Após o conhecido caso envolvendo o humorista Rafinha Bastos e a cantora Wanessa (ex-Camargo), houve um intenso debate sobre os limites da piada. Outros humoristas já sofreram com a perseguição da patrulha do politicamente correto. Não que eu ache todas as piadas de Bastos, e seus companheiros no que tem sido apelidado de “nova geração do humor brasileiro”, engraçadas. Algumas até são, admito. O que pouca gente parece entender é que esses comediantes, a imensa maioria oriunda do chamado stand-up, estão importando um tipo de humor já consagrado nos Estados Unidos. Só que lá a chatice é menor. Você pode falar o que você quiser, você pode citar nomes, raças, crenças, sem sofrer qualquer tipo de retaliação judicial. É piada! O controle de qualidade é feito como deve ser sempre, pela, atenção, qualidade! Ao final deste texto eu disponibilizarei o link de um show completo (e legendado) de um dos meus comediantes americanos favoritos, Louis CK. Quem tiver curiosidade poderá conferir o quanto o tom das anedotas é “pesado” e refletir sobre como seria recebida uma apresentação dele no Brasil. Porém, o ponto é que não devemos nos importar com o que não é…importante.
Vamos falar de música, então. Você certamente tem suas bandas favoritas, os artistas os quais você admira e sempre espera algo a mais. O problema é que nem sempre eles respondem à altura. É normal. Qualquer trabalho está suscetível a pontos altos e baixos e todo músico tem o direito de mudar o seu estilo a hora que quiser. Contudo, tem que estar pronto para receber críticas pelo que disponibiliza para apreciação pública e vende. A grande maioria, inclusive, está e ninguém e intocável. Já dizia o velho Fiodor Dostoiévski: “o público é um mal necessário”. O problema dessa discussão toda são os fãs. Ou alguns deles. Os xiitas ou, como eu gosto de chamar, fundamentalistas musicais.

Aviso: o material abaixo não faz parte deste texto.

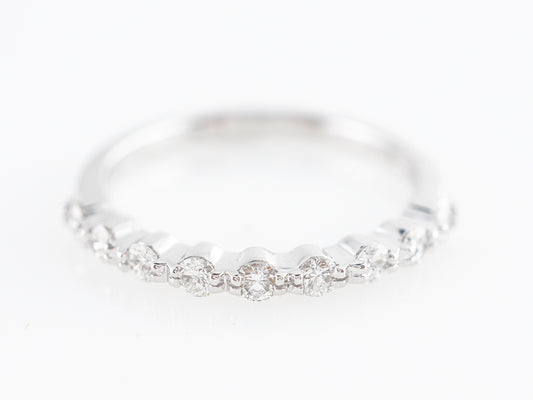 .36 Diamond Wedding Band in 14k White Gold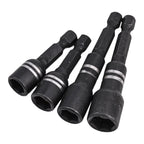 4Pcs Magnetic Socket Nut Driver Set for Drill Bit Tools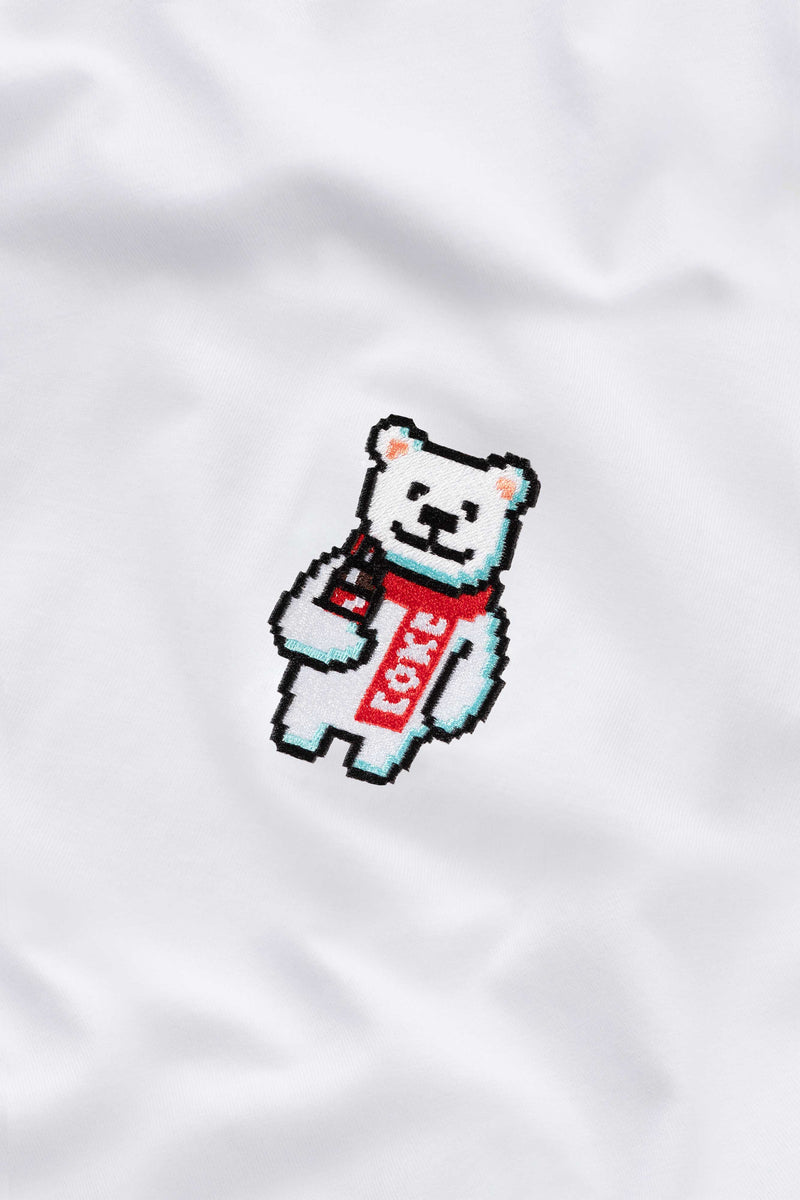 Coke Bear T-shirt White - BRICKTOWN X COCA-COLA ™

Fundamentalismo, na definição da Wikipédia é: “a estrita aderência a um conjunto específico de doutrinas teológicas tipicamente em reação à teologia do Mordernismo”. A metáfora é perfeita. Há pessoas que aderem a bandas e artistas específicos como se fossem uma religião. E não fazem nenhuma concessão quanto a isso. Não suportam vê-los sendo criticados e se esforçam em fazer do debate uma coisa infantil. Perceba que não estou me referindo a música como um todo, apenas a unidades menores. Na sua cabeça, devem ter vindo admiradores de grupos como Restart, Cine ou fenômenos sertanejos. Aí é que você se engana. Isso existe em todos os estilos musicais e, sem exceção, é estupidez. A discussão é sempre saudável, desde que seja feita com bons argumentos e um certo respeito ao processo em si. Toda unanimidade é burra, certo Nelson Rodrigues? O choro é livre, só não é bonito se for o choro de uma criança mimada.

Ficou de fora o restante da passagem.